The Skeena, second longest river in the province, remains an icon of British Columbia’s northwest. Called Xsien (“water of the clouds”) by the Tsimshian and Gitksan, it has always played a vital role in the lives of Indigenous people of the region. Since the 1800s, it has also become home to gold seekers, traders, salmon fishers and other settlers who were drawn by the area’s beauty and abundant natural resources.

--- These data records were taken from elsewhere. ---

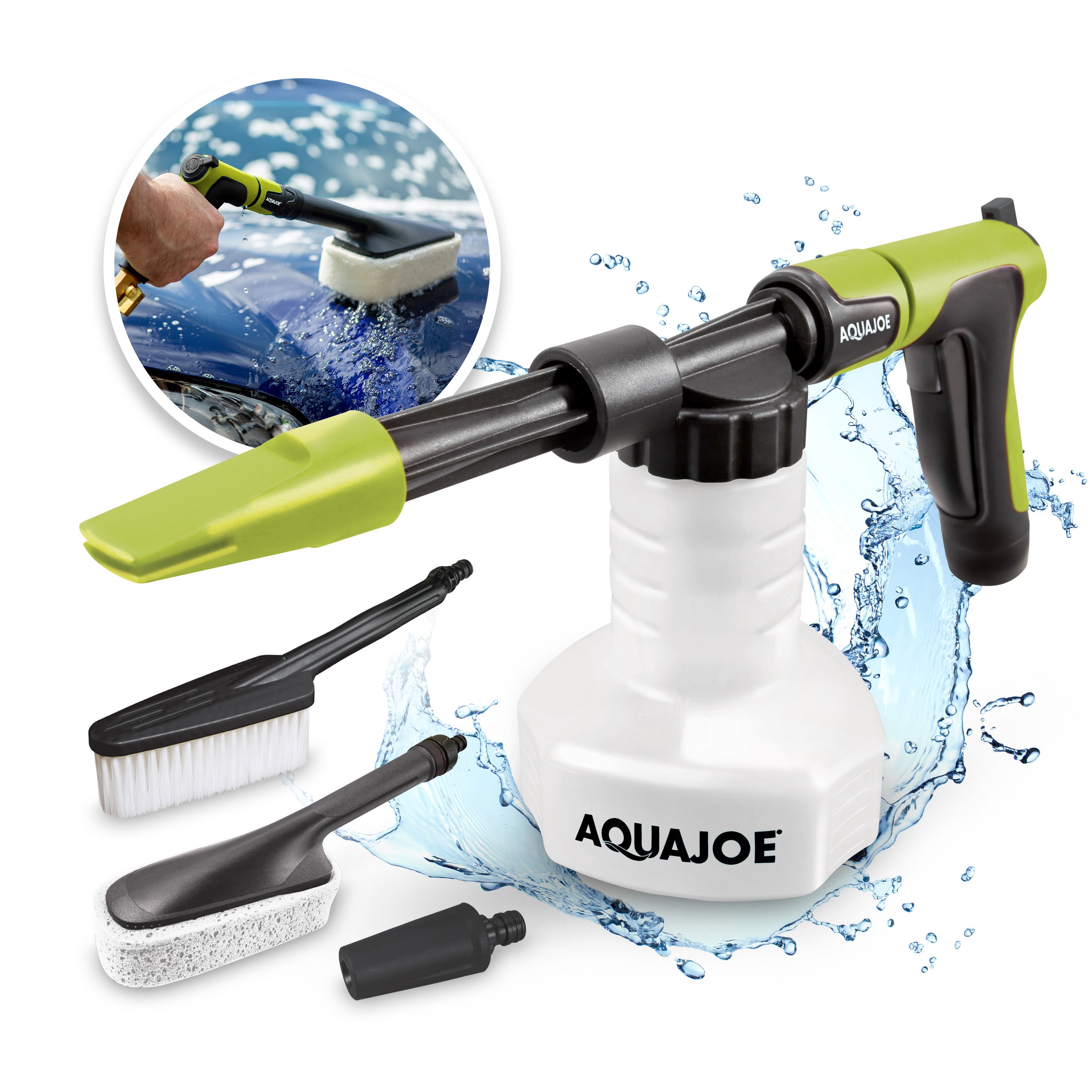 Aqua Joe AJ-SPXN-PRO-SJG 2-in-1 All-Purpose Garden Hose-Powered Adjustable Foam Cannon Spray Gun Kit | W/ Bristle Brush and Detailer Sponge Attachments | Quick-Connect (Green)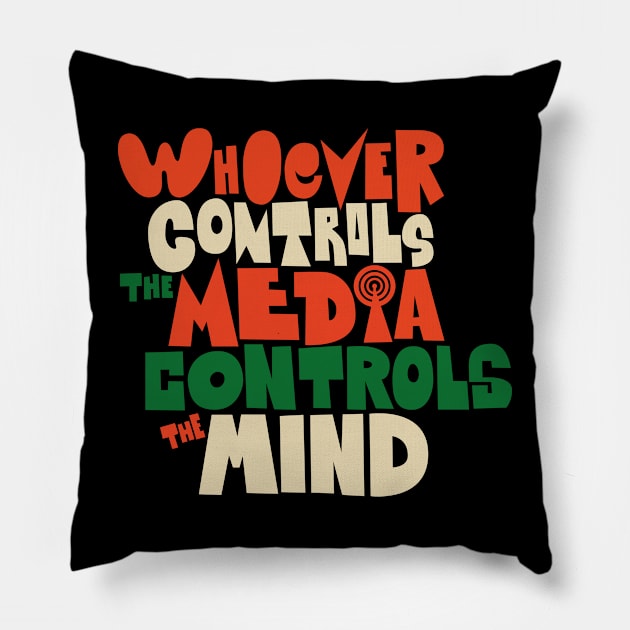 Empowering Free Thinkers - Unveil Truth with my Media Critique T-Shirt! Pillow by Boogosh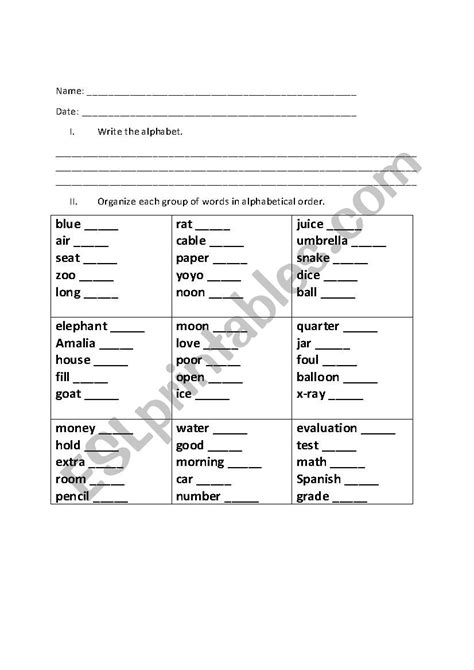 But i think what is messing up this is the criteria part that shows +if($a$2:$a$52<>ai,1,0). ABC order (first letter criteria) - ESL worksheet by ...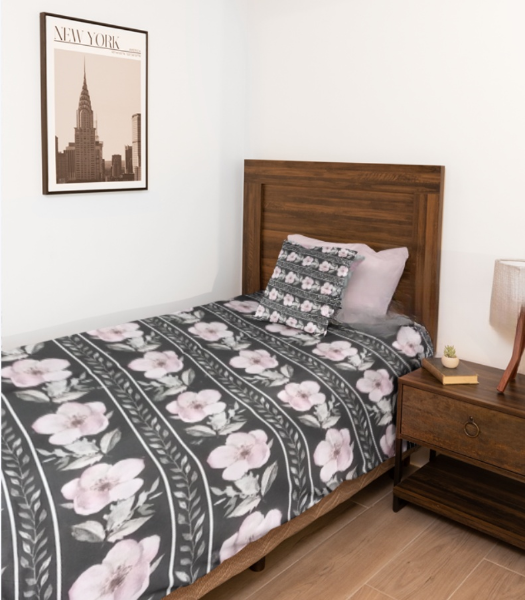 Grey Floral Single Cotton Bedsheet - Elegant Floral Print with Soft Comfort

Voices from the Skeena takes readers on a journey inspired directly by the people who lived there. Combining forty illustrations with text selected from the pioneer interviews CBC radio producer Imbert Orchard recorded in the 1960s, the book follows the arrival of the Europeans and the introduction of the fur trade to the Omineca gold rush and the building of the Grand Trunk Pacific Railroad.

Open the pages to meet Robert Cunningham, an Anglican missionary who would later become the founder of the thriving Port Essington. Here too is a man called Cataline, a packer for whom no settlement was too remote to reach, and the indominable Sarah Glassey, the first woman to pre-empt land in British Columbia. At the heart of these stories is the river, weaving together a narrative of a people and their culture. Pairing the stories with Roy Henry Vicker’s vibrant art creates a unique and captivating portrait of British Columbia that will appeal to art lovers and history readers alike.

Additional Information
112 pages | 11.00" x 8.00" | 40 colour illustrations

This work has received the Authentic Indigenous Text label because of the interviews/contributions with Indigenous people like Vicky Sims and Chief Jeffrey H. Johnson. It is up to readers to determine if this work is authentic for their purposes.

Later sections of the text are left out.